When Visual Grounding Meets Gigapixel-level Large-scale Scenes: Benchmark and Approach
Tao Ma, Bing Bai, Haozhe Lin, Heyuan Wang, Yu Wang, Lin Luo, Lu Fang
Visual grounding refers to the process of associating natural language expressions with corresponding regions within an image. Existing benchmarks for visual grounding primarily operate within small-scale scenes with a few objects. Nevertheless recent advances in imaging technology have enabled the acquisition of gigapixel-level images providing high-resolution details in large-scale scenes containing numerous objects. To bridge this gap between imaging and computer vision benchmarks and make grounding more practically valuable we introduce a novel dataset named GigaGrounding designed to challenge visual grounding models in gigapixel-level large-scale scenes.
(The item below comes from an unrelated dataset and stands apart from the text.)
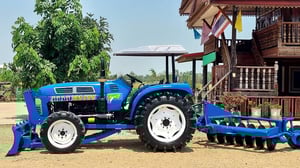 ขายรถไถแชมป์mx5900(59แรงม้า)พร้อมอุปกรณ์ครบมือ ราคา 159,000บาท พร้อมใช้งานครับ ขายรถไถแชมป์mx5900(59แรงม้า)พร้อมอุปกรณ์ครบมือ ราคา 159,000บาท พร้อมใช้งานครับ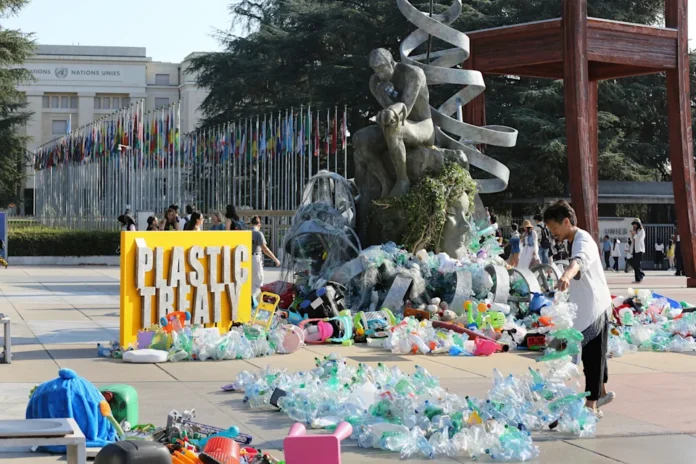 ARTISTA ESCULTURA EN PLASTICO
We extensively analyze and compare the dataset with existing benchmarks demonstrating that GigaGrounding presents unique challenges such as large-scale scene understanding gigapixel-level resolution significant variations in object scales and the "multi-hop expressions". Furthermore we introduced a simple yet effective grounding approach which employs a "glance-to-zoom-in" paradigm and exhibits enhanced capabilities for addressing the GigaGrounding task. The dataset is available at www.gigavision.ai.